In our self enforced trading break, we should try to imagine all of the external factors which have lead us to making poor trading decisions. How do these factors then affect us on an emotional and psychological level? If we find that certain market factors tend to produce consistently poor emotional and psychological outcomes, you can be sure that poor trading outcomes aren’t too far behind.
When we are emotional in making a trading decision, we tend to make a poorer decision. By determining what the roadmap is for your trading failures, you will be better able in the future to identify and avoid ‘high risk’ situations.
To help identify when these high risk situations occur, it helps to do an audit of all of our trades. Separate them in to winning and losing trades. Try to think back to how the market was behaving around the time of each trade.
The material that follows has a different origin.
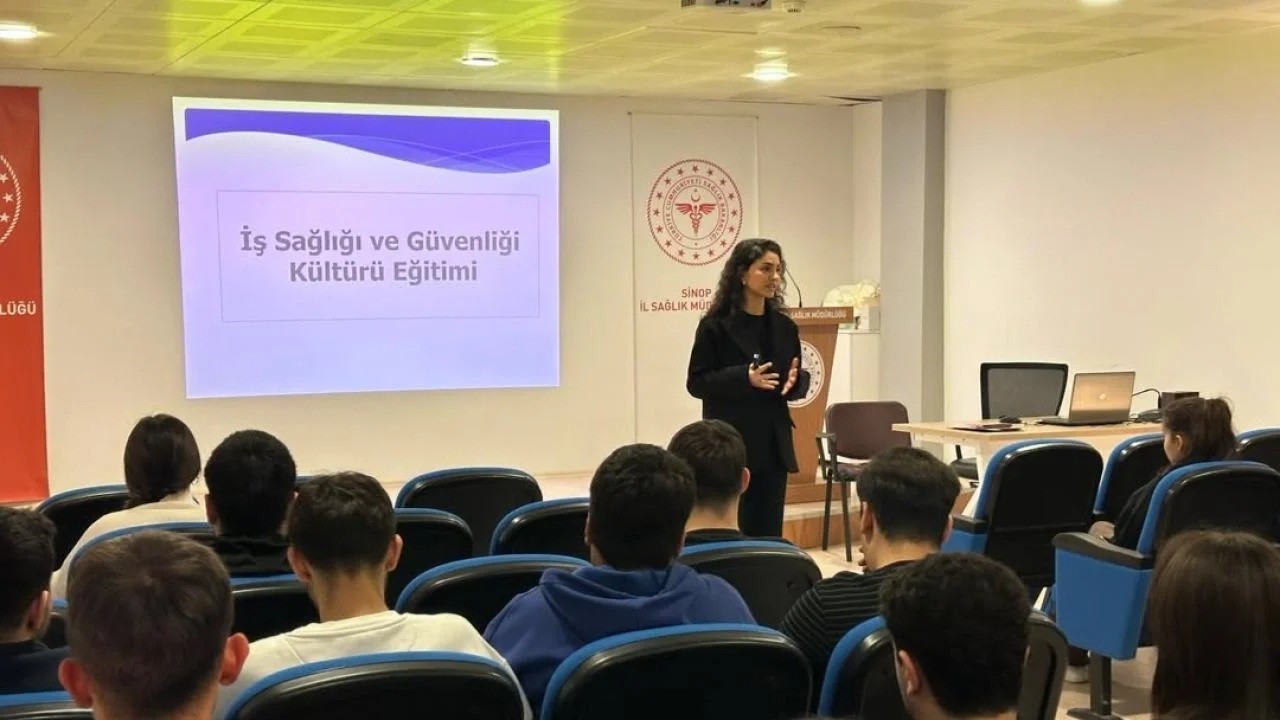 Sinop&rsquo;ta stajyer &ouml;ğrencilere "iş g&uuml;venliği" eğitimi
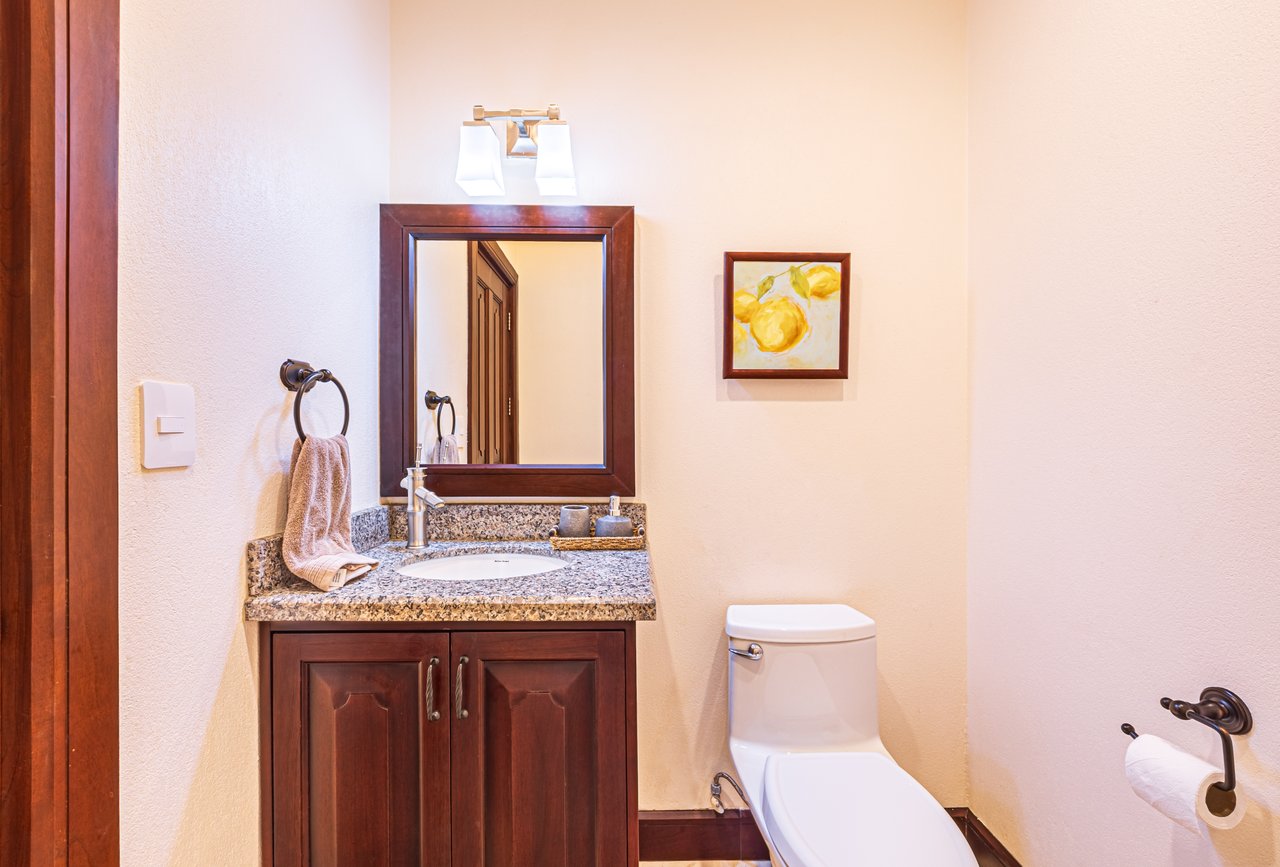 Nido Escondido, Playa Dominical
Write down each of the external elements that may have been prevalent at the time and may have influenced your trading decision for good or bad.
For example, if you find that your losing trade entries were consistently made at times the market was highly volatile, or at a certain time of the day, or after a major announcement etc., it’s probably a good idea to refrain from making trading decisions at these times in the future.
As a more specific example – We find that three of our losing SPI trades occurred when we tried to buy the SPI after a sudden sharp drop in prices. We were only trying to scalp a few points on a bounce on each occasion, but each time, it turned out that the market continued to fall. Each time we didn’t use a stop, and it turned out that trying to scalp a few points ended up as a major loss.
We have found that trading in the craziness of the first 20 minutes of the session, or after a major news announcement on a company, consistently produces losing trades. We will now note each of these ‘high risk setups’ as confluences of negative influences on our trading. We simply won’t trade when these setups are in place.
As a more personal example, a little while ago, a company (let’s call it XYZ) made a dire announcement regarding its financial woes and opened down a whopping 60% – I can assure you there was a great temptation to ‘punt’ XYZ all day. There was bound to be many opportunities to scalp a few points each way. Right?
Maybe. I guess I’ll never know. I didn’t log into my trading account on that day. Nor did I log in the next day, or the day after that. You see, I simply didn’t trust myself not to look at XYZ, to not be tempted to ‘have a crack’ at picking the bottom, that is, to not stick to my trading system.
Based upon previous experience, I identified this scenario as a high risk time for me personally to trade – and simply stayed out of the market.
Would I have made a truckload by trading XYZ over those four days? Perhaps. But perhaps I would have lost a bundle as well. It simply wasn’t worth finding out. The risk to reward in such a scenario simply wasn’t there.
Incredibly, for my near one-week break from trading anything during the Australian day session, I am none the worse off. I can still function as a human being, none of my existing positions were adversely affected by my forced absence, and the market is still there! Hopefully, that’s enough proof for all of you that taking a break from the market will also have similar results.